Sunday, March 23, 2008

50 Something Year Old Moves In With Parents

I read an article today on ABC news, written by Emily Fredrix, of a woman who moved into her parents home at 52 due to the poor economy and the loss of her job. The Associated Press business writer tells us the woman lost her job, sent her daughter to live with her husband since she could no longer support her daughter, then in Dec 2007 moved in with her parents, was able to get another job with the Experimental Aircraft Association, is living close to her ex-husband to be close to her daughter, does not pay rent or barely contributes for food because her parents let her.

Yet since the woman is not spending anything to help her parents who are on a fixed income, she says she could have her 5% down payment to buy herself a home by June this summer.

OK, now back up a minute. If she is getting paid enough to be able to save for a 5% down payment to buy herself a home by June, why doesn't she just get herself an apartment. If I was able to save that much from the time of December 2007 to the time of June 2008 and have that much as a down payment on a home, then I know that I could rent and pay my own bills in a small one bedroom apartment and just wait longer to buy a home. Yes, it might take a full year, or it could take two years. But if she down scales, she could do it.

The thought of burdening my parents with them providing for me especially if I could save that much in 6 months is shameful since my parents are on a fixed income, as most seniors are. In this economy seniors are getting hit as well.

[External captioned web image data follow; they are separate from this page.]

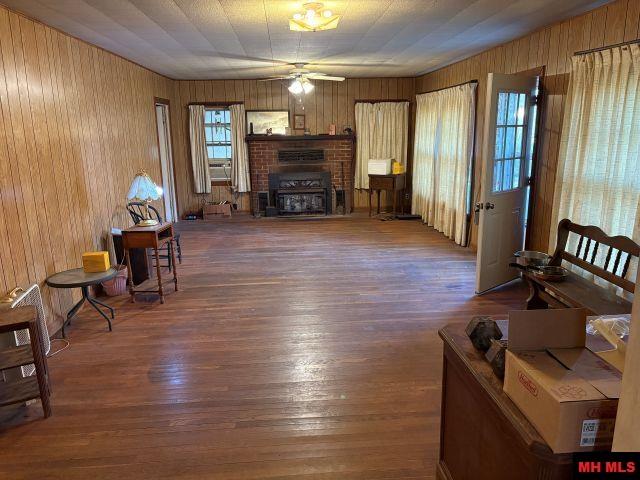 593 FOSTER STREET Pyatt, AR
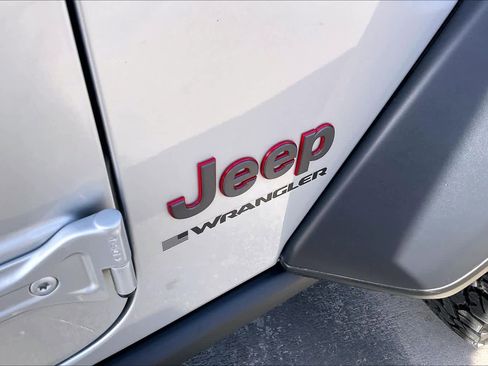 Used 2024 Jeep Wrangler Unlimited Rubicon w/ Technology Group image 28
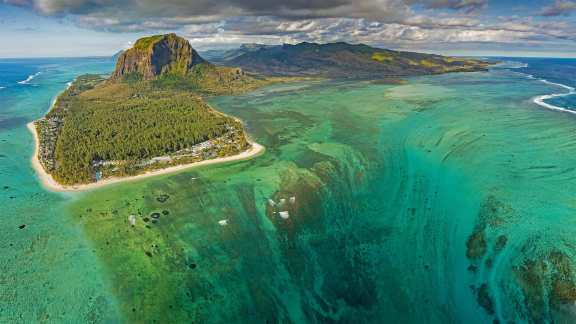 Getting to the bottom of the underwater waterfall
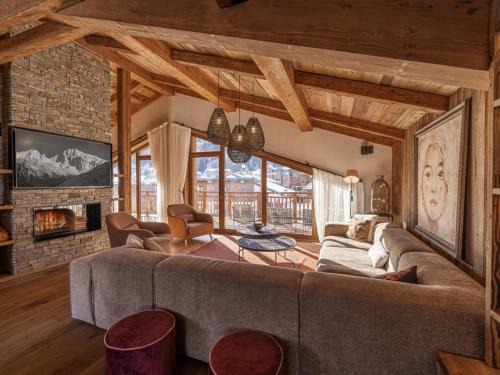 Le Praz Ski Chalet | Chalet de Luxe avec Piscine et Sauna, Proche des Pistes à Courchevel - FR-1-568-33
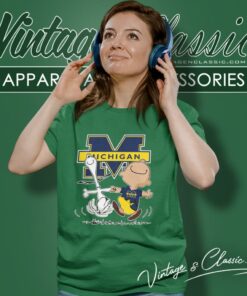 Michigan Wolverines Charlie Brown Snoopy Dancing Shirt 6 Michigan Wolverines Charlie Brown Snoopy Dancing Women T Shirt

It's OK to except help from our parents when we are struggling. I and my husband have been struggling since 2002 when my husbands secured permanent HIGH TECH job was OutSourced to India and our Medical Insurance and his retirement fund disappeared. But to move in with my parents so they can support us when one of us had a job and pay nothing while saving to buy a new home because we did not want to rent an apartment when we were able to do so, just sounds wrong to me.

Yes, I do know what it is like to struggle. My husband's jobs have been temporary contracts, too far in-between, and too few. We are even close to foreclosure every time he is between jobs. But I will not live with my parents unless we loose our home and have no income of any kind coming in which would cause us to be turned down to rent an apartment.